Ce charme n’a pas la même dimension lorsqu’une équipe va au bout, comme ça a été le cas des exemples que je viens de citer ?
Si, si, ça peut arriver : moi j’ai « joui » tout autant quand le Milan AC a gagné la coupe d’Europe des clubs champions. J’ai un faible pour cette équipe, pour son jeu que je trouvais le plus élégant, le plus classieux, le plus efficace. Ah, ce 4-0 infligé en finale au Barça entraîné par Cruyff, avec ce petit lob génial de Savicevic ! https://www.youtube.com/watch?v=no_qIIvt1sQ Cette maîtrise du jeu, cette intelligence… Même Desailly avait trouvé la lucarne sur une frappe enroulée ! Ce soir là , je savais que je vivais l’un des moments les plus beaux de mon existence. Je voyais une équipe qui appliquait un football idéal, un football de rêve. Ai-je retrouvé ces sensations après ? Oui, par intermittence, souvent par le biais de l’équipe des Pays-Bas, qui représente pour moi le fantasme du football, la fluidité. Johan Cruyff a dit : « ce ne sont pas les joueurs qui doivent courir mais la balle ». C’est très simple mais c’est ça le football que j’aime : la simplicité, la qualité du contrôle, la perfection de la passe. Cette équipe hollandaise me rappelle d’ailleurs Saint-Etienne : il y a ce même romantisme dans la défaite, avec ces deux finales de coupe du monde perdues. Je crois que ça forge les légendes. Je pense qu’on se souvient plus de l’équipe des Pays-Bas de 1974 que de l’équipe d’Allemagne.

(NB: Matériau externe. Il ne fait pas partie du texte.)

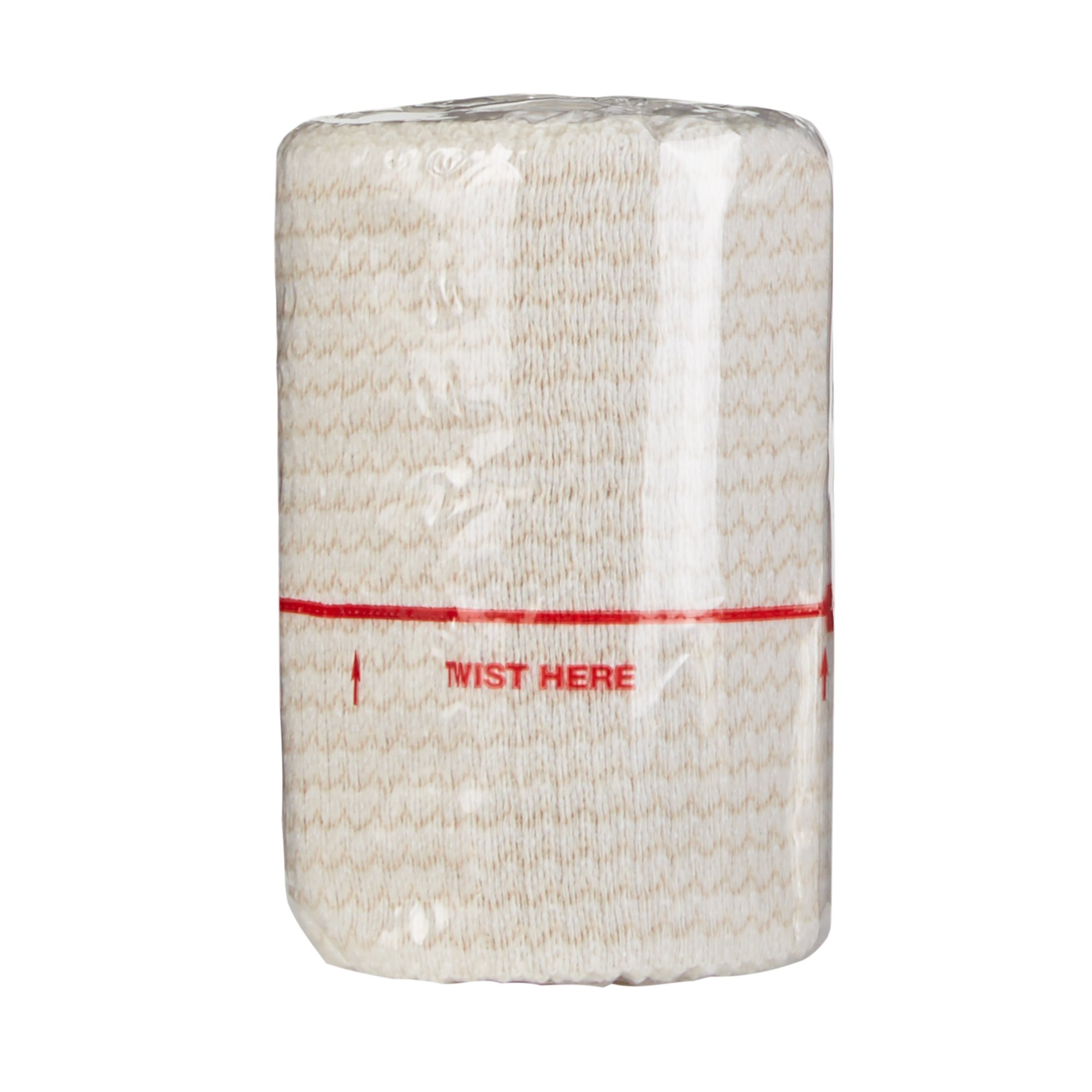 McKesson Brand - 16-1033-3 McKesson hook-and-loop closure Elastic Bandage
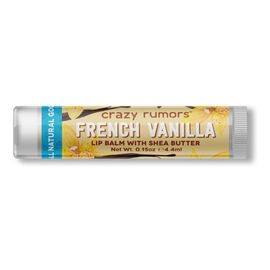 Balsam do ust french vanilla 4,4 ml
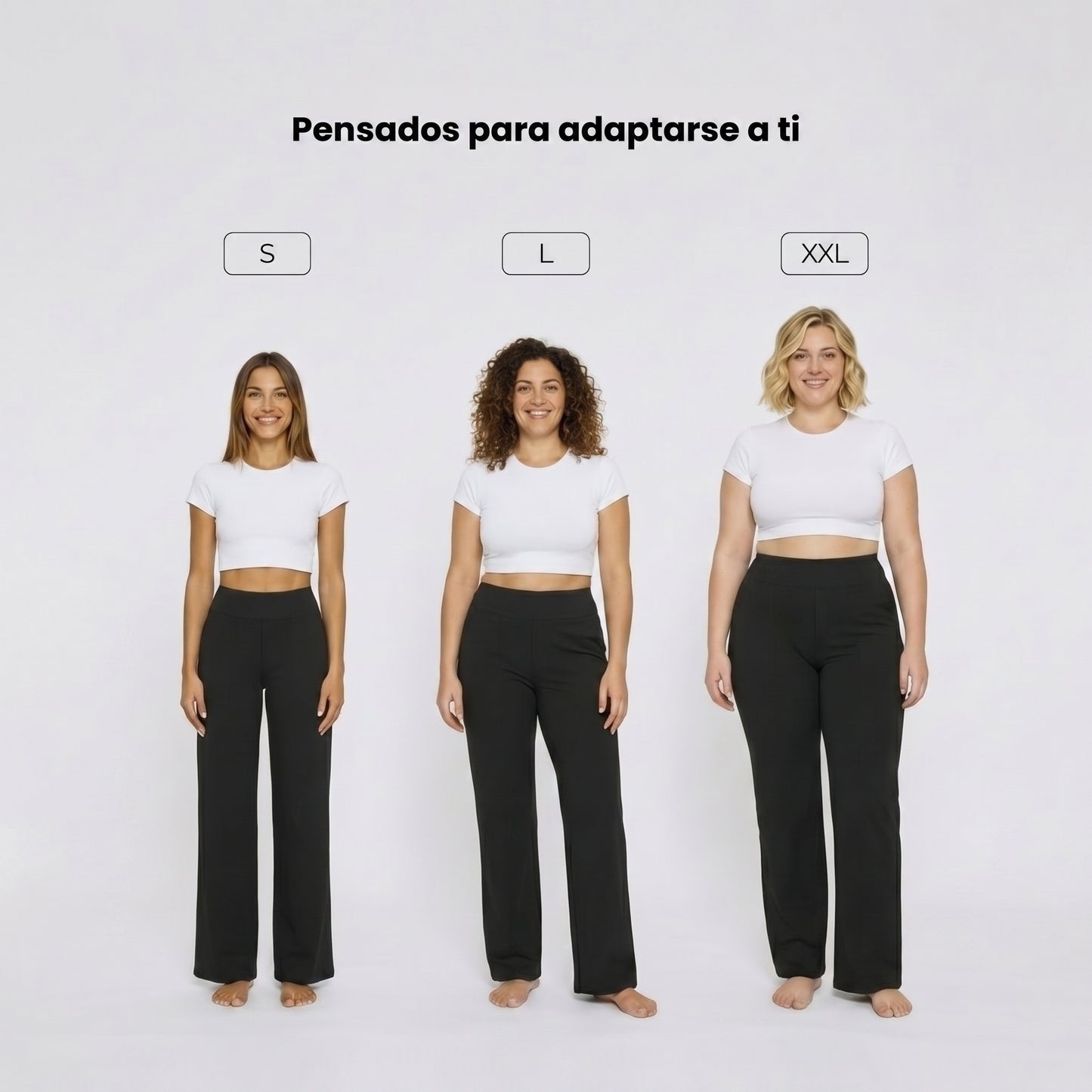 Nerea | Casual Flex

En lisant ton article sur Les Perdants Magnifiques, on repense à Giotto dans Le Décaméron de Pasolini : « Pourquoi réaliser une oeuvre alors qu'il est si beau de la rêver seulement ?» La formule est-elle transposable à l’ASSE : pourquoi gagner la coupe d’Europe alors qu’il est si beau de la rêver seulement ?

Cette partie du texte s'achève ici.